What you are asked to do>
The lines below starting at the line containing "Real Pharm Melatonin 1 mg - 180 tabletes" and ending at the line containing "युरोकप फुटबल: जर्मनीलाई" are to be repeated exactly, with both ends kept and nothing else added.

Supplied information>

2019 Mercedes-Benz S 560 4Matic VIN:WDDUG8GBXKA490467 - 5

---

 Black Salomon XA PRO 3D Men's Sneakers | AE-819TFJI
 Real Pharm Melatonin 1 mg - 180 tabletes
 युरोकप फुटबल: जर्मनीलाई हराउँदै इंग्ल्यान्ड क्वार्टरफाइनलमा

Exercise result>
 Real Pharm Melatonin 1 mg - 180 tabletes
 युरोकप फुटबल: जर्मनीलाई हराउँदै इंग्ल्यान्ड क्वार्टरफाइनलमा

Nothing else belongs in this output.